The usually sober Mads Mikkelsen drinks and ultimately dances his way through “Another Round,” one of the highlights of this year’s Toronto International Film Festival, which U.S. critics attended virtually.
The usually sober Mads Mikkelsen drinks and ultimately dances his way through “Another Round,” one of the highlights of this year’s Toronto International Film Festival, which U.S. critics attended virtually.

Earlier this month, as my daughter and I were walking our Labradoodle around the neighborhood one morning, I took in a deep breath of the cooler air, surveyed the slightly lower angle of the sun and declared it officially "TIFF weather." For most of the last decade, in early September, I have packed my notebooks and pens and headed north for the Toronto International Film Festival, spending a fabulous, frantic week seeing old comrades, eating below-grade burritos, and taking in as many wondrous films as possible. It's exhausting, chaotic, and utterly exhilarating all at once.

Because 2020 has to be abysmal in every possible way, however, that sort of traditional, freewheeling festival experience has been made nearly impossible (Cannes and Berlin were both canceled this spring). The powers that be at TIFF determined to forge ahead, but were forced to go virtual this year, at least for non-Canadiens, which included cutting their normally robust feature film total down to about 50 (from 325 or so), staggering their press schedule, allowing 48-hour windows for critics to check out a selection.

Of course, as many of us have long since discovered, working from home has certain distinct advantages and disadvantages: It was nice, for example, to sleep in my own bed, eat my own food, and commute to my couch instead of the Scotiabank Theater each morning. Less nice was having to juggle everything else in my life, and the concerns of my various loved ones, while trying to watch 3-4 movies a day.

Still, a virtual festival certainly beat the alternative of canceling the event altogether, and, despite numerous distractions, I was able to see some truly wonderful pictures, including what will likely be the very best film of 2020. In a year where nearly everything is out of whack, let's keep our annual TIFF Postmortem intact as best we can, shall we? On to the superlatives!

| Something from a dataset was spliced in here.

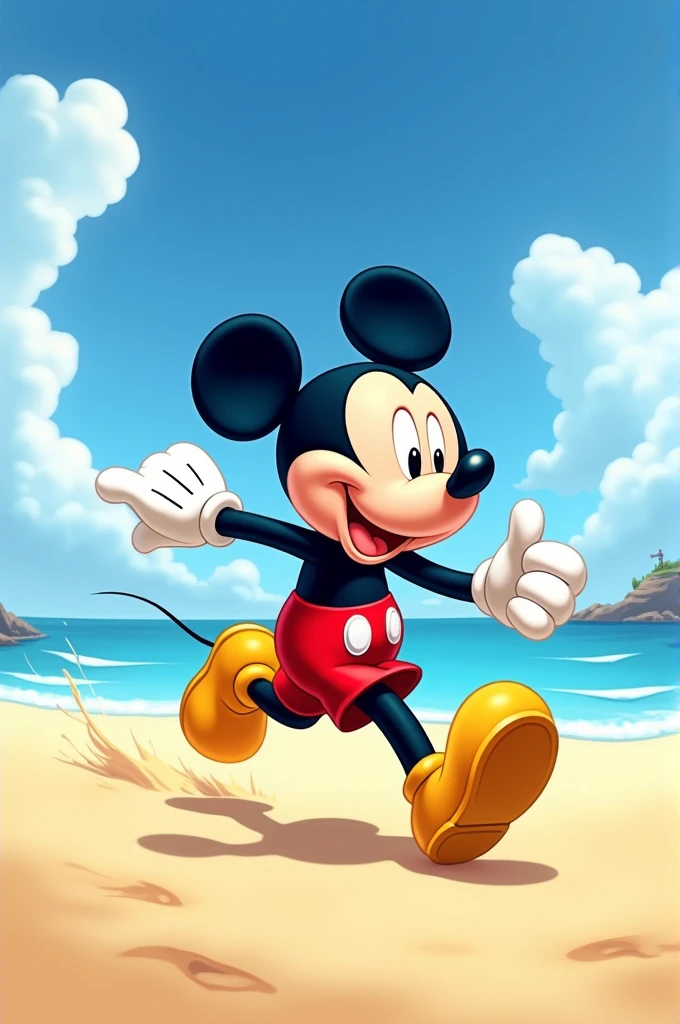 Mickey mouse running on the beach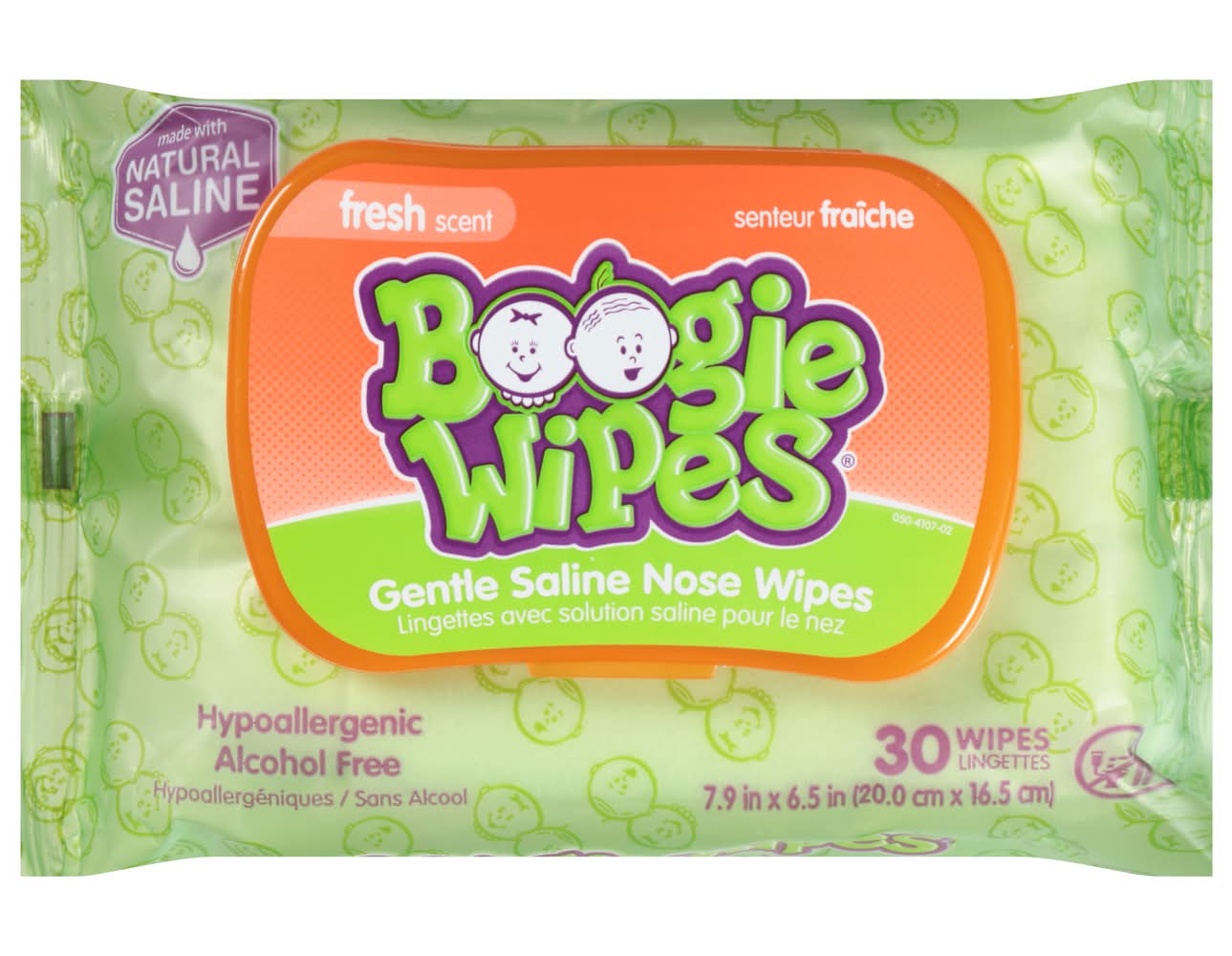 Boogie Wipes Gentle Saline Wipes For Stuffy Noses, Fresh (6.4 oz, 30 ct)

Loneliest Feeling: Lack of "Arrrs": At TIFF public screenings in Toronto, each show begins with a disclaimer specifying the illegality of recording audio or visual parts of the film. Many years ago, some witty Torontonian began making loud pirate noises when the warning (which specifically condemns "piracy") came up; a tradition that has held up at least through the many years I've been going. Alas, saying "Arrr" by yourself in an empty living room, doesn't offer the same blaze of camaraderie.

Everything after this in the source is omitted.